The US delegation was led by Lisa Curtis, the Deputy Assistant to the President and National Security Council Senior Director for South Asia, who led talks at the ministry. The US delegation included Acting Assistant Secretary of State Ambassador Alice Wells, Acting Assistant Secretary of Defence David Helvey and other senior officials from Departments of State, Defence and the US embassy in Islamabad. Tehmina Janjua led the Pakistani side, which included senior officials from MoFA and other relevant departments.

The visit comes on the heels of the recent visit of Foreign Minister Khawaja Asif to the US and his meetings in Washington with top officials of Trump Administration.

The visit by US delegates would also mark a fresh start between the US and Pakistani officials, as the dialogue had been frozen by Islamabad soon after an outburst by US President Donald Trump on the eve of the announcement of his policy on South Asia and Afghanistan.

Not only Pakistan had recorded its protest over Trump’s remarks, all the official communication had been put on a halt till the review of the country’s relations with the US.

The visiting delegation noted that the US had a long track record of cooperation with Pakistan and emphasised the importance of reinvigorating the bilateral relationship, in order to achieve the common objectives of peace and stability in Afghanistan and the region.

“The two sides reviewed the state of play in the relationship in wake of the US strategy on Afghanistan and South Asia and agreed to continue discussions on all matters of mutual interest,” an official handout said.

Reiterating Pakistan’s stance for a politically negotiated settlement owned and led by the Afghans, the foreign secretary reaffirmed Pakistan’s constructive participation in all regional and bilateral mechanisms aimed at pursuing a peaceful solution to the Afghan conflict.

“The US delegation was also informed on the recent visit by Pakistani officials to Kabul with a view to intensifying engagement and addressing mutual concerns particularly border management and repatriation of refugees,” the statement added.

Highlighting Pakistan’s ongoing law enforcement and CT campaign, the foreign secretary apprised the US delegation of Pakistan’s efforts in eliminating terrorism from the Pakistani soil.  Pakistan’s concerns on continued attacks from across the border were also shared, the statement added.

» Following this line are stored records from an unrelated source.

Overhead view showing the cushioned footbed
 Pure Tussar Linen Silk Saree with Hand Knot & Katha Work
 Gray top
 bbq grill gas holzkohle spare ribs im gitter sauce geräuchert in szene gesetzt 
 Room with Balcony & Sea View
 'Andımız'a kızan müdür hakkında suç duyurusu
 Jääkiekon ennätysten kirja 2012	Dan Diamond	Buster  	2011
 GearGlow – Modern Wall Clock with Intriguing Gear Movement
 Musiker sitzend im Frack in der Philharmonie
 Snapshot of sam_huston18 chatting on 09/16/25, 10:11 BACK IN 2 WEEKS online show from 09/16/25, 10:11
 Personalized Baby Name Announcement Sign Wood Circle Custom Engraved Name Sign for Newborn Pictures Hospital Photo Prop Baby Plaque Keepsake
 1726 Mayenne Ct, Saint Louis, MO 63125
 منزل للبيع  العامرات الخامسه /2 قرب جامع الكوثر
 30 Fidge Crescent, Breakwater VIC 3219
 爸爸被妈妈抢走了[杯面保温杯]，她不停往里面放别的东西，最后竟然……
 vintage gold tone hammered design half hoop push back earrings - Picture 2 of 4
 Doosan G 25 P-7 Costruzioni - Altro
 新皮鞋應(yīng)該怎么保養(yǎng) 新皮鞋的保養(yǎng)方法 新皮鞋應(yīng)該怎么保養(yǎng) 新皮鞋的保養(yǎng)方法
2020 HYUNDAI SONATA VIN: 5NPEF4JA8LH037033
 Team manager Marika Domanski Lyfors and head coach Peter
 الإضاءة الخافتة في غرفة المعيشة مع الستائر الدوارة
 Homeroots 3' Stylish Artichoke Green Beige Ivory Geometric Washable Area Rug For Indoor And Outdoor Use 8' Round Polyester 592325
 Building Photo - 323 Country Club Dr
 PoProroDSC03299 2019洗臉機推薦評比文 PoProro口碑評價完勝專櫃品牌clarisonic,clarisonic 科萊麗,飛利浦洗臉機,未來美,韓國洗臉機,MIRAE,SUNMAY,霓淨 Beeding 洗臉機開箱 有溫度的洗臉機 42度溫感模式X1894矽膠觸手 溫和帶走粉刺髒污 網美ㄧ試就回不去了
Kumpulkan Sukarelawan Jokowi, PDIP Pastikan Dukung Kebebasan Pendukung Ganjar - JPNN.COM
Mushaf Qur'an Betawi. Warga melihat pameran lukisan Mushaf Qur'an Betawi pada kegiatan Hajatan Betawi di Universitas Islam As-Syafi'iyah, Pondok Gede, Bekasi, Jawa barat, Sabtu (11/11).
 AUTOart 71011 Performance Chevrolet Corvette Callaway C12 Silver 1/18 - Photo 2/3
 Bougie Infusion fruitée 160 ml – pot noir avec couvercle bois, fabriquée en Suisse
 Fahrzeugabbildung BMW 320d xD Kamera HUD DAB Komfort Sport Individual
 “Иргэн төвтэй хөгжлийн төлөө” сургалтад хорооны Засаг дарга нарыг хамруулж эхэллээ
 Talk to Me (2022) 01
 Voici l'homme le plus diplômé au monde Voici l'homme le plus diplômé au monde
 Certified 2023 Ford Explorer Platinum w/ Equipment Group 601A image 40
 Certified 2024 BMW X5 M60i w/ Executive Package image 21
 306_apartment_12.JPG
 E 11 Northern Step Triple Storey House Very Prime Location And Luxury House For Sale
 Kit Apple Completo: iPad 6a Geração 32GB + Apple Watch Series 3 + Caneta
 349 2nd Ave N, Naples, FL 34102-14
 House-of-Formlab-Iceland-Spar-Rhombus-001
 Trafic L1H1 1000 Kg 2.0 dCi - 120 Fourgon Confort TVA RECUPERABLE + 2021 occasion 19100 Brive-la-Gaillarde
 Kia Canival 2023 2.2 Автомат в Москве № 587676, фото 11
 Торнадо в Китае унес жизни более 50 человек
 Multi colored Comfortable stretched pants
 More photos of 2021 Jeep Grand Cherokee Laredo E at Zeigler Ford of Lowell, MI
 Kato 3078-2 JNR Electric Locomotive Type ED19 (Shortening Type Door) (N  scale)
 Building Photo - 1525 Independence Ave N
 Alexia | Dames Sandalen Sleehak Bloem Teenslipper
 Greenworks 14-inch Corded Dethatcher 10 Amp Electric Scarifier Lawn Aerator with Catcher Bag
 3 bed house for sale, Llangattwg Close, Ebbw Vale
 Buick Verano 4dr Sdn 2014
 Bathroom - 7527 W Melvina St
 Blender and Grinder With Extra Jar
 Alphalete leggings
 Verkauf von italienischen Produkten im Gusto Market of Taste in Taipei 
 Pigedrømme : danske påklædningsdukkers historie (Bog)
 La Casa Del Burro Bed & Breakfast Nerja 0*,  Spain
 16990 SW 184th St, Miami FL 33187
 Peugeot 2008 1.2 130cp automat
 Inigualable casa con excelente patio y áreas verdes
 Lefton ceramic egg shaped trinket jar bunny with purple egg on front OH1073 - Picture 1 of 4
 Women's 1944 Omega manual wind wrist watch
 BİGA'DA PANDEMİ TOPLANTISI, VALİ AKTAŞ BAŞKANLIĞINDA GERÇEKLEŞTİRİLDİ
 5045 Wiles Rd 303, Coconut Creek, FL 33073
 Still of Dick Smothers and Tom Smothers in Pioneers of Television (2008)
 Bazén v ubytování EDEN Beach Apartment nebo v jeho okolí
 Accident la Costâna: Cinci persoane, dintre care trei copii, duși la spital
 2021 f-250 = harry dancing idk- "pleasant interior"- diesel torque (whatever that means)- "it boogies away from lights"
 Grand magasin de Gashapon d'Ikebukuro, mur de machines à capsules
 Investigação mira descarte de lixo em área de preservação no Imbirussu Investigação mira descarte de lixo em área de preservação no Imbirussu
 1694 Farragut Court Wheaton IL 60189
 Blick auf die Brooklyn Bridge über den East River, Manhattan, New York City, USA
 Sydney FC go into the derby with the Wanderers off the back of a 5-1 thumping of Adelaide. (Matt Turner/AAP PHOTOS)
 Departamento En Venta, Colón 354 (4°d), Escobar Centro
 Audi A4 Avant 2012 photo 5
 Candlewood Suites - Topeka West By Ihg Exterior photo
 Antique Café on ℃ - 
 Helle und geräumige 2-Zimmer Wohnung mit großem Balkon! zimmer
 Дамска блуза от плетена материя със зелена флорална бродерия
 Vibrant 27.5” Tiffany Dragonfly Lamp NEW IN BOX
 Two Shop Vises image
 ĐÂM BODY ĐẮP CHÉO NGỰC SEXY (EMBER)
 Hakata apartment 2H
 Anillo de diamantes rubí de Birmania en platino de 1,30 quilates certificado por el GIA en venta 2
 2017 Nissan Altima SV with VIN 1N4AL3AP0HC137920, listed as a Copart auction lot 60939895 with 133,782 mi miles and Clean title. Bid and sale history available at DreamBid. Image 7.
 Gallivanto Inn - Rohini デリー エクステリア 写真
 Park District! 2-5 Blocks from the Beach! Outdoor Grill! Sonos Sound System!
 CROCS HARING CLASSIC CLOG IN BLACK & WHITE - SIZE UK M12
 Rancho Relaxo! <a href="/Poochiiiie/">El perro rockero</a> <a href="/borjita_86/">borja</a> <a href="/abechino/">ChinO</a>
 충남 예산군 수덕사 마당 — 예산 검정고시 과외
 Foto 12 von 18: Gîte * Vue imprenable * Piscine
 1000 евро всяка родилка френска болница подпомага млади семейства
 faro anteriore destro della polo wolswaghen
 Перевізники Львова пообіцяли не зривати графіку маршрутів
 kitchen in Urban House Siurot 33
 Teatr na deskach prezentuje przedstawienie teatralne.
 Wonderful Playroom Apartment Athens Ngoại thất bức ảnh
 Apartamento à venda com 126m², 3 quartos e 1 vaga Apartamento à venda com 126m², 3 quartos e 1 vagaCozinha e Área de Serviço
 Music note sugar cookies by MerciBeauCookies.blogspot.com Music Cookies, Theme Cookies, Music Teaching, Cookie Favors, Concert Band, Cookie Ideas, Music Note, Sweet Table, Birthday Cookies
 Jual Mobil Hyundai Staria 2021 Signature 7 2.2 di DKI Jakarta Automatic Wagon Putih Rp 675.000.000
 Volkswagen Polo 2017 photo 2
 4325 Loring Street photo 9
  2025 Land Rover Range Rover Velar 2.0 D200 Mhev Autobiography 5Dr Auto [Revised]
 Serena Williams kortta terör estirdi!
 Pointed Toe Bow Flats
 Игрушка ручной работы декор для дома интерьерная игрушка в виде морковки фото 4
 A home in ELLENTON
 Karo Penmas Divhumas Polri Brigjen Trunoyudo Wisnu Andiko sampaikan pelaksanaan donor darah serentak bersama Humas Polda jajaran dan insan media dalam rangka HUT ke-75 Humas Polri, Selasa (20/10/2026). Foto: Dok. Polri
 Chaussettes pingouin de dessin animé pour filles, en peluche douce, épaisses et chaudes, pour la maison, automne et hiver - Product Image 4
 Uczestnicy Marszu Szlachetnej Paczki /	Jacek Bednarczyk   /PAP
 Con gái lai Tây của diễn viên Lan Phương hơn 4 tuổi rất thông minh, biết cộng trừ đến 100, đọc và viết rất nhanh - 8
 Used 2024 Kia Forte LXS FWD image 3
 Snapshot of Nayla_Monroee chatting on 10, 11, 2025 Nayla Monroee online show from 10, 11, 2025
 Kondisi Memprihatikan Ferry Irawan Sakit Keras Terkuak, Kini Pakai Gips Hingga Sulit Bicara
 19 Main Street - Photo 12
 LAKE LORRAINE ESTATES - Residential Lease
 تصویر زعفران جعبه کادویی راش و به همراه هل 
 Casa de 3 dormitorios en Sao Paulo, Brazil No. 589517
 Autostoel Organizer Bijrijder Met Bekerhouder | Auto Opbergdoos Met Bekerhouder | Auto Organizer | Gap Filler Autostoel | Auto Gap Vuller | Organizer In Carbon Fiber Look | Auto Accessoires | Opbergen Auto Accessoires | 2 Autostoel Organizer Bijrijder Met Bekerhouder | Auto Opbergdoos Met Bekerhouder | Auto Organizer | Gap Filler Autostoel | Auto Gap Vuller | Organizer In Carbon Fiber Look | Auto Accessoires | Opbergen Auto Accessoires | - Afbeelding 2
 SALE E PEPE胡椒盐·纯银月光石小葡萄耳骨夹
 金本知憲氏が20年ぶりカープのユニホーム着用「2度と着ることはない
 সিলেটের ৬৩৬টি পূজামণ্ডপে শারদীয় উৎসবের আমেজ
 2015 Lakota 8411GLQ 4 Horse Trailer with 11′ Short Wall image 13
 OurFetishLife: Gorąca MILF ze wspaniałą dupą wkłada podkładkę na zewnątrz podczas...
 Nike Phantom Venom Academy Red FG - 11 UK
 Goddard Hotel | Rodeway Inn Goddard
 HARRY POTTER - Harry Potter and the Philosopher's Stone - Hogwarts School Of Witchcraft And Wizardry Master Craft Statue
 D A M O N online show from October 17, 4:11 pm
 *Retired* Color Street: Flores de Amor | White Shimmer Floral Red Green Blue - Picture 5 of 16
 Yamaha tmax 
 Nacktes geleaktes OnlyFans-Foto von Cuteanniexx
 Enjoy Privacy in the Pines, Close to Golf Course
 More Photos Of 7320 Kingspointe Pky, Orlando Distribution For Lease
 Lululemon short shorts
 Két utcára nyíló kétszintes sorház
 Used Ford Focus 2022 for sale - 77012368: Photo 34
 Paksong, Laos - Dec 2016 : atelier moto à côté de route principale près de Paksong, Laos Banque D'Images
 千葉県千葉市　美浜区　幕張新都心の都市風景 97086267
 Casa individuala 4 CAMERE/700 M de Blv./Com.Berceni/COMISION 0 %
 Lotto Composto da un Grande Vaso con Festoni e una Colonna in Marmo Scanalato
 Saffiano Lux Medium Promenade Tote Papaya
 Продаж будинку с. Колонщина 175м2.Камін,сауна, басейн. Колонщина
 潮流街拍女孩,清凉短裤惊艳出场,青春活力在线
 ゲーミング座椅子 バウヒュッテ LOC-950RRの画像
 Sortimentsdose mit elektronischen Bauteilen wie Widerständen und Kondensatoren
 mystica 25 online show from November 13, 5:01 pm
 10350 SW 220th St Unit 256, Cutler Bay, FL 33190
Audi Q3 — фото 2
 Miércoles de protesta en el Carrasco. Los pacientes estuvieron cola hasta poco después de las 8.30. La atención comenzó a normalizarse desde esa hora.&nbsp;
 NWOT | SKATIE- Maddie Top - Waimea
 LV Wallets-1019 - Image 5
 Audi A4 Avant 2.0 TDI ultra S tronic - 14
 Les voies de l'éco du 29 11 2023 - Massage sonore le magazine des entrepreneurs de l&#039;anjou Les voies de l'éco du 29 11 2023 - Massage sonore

“The US delegation was informed about the atrocities and human rights violations being committed by the Indian forces in the India-occupied Kashmir (IoK), resulting in hundreds of casualties. It was noted that persistent Indian refusal to engage with Pakistan, despite Pakistan’s repeated overtures for a comprehensive dialogue, was adversely impacting regional stability,” the statement said.

The two sides agreed to continue bilateral engagements at all levels.


Earlier, Pakistan and the United States reached a consensus over the importance of deeper cooperation to deal with the menace of terrorism during a meeting, said Foreign Office spokesperson Nafees Zakaria.

Zakaria said that this was decided during a meeting between a 10-member delegation from the US led by Lisa Curtis and a delegation from Pakistan led by Tehmina Janjua.

The status of Pak-US relations in diverse areas and regional situations—including Kashmir human right violations, relations with eastern neighbour India, and the situation in Afghanistan—were discussed.

He added, “Both sides noted the importance of better understanding [and] deeper coop to deal with challenges particularly terrorism that is a common enemy.”

On October 4, US Secretary of State Rex Tillerson held a meeting with Foreign Minister Khawaja Asif.

In a meeting on October 4, US Secretary Rex Tillerson said Pakistan’s partnership is necessary for the long-term stability in the South Asian region.  “Not just Afghanistan, but it is the importance of Pakistan and Pakistan’s long-term stability as well,” he remarked while speaking about US’s policy towards South Asia.

“We want Pakistan’s government to be stable, peaceful… many of the same issues they are struggling inside Pakistan are our issues. So we think there is an opportunity to strengthen that relationship,” he added.


Meanwhile, Lisa Curtis-led delegation—including Ambassador Alice G Wells, Ambassador David Hale and other representatives—called on Chief of Army Staff (COAS) General Qamar Javed Bajwa.

The delegation briefed COAS on contours of US strategy in South Asia. The discussion focused on the regional security situation, including Afghanistan, and how Pakistan has positively contributed towards peace and stability in the region.

COAS highlighted concerns of Pakistan regarding peace and stability in the region, reiterating that Pakistan has done its best—despite constraints—and shall continue its efforts for the sake of Pakistan’s future and in line with aspirations of the people.

The delegation appreciated and acknowledged Pak Army’s contributions and country’s sacrifices in the ‘war on terror’.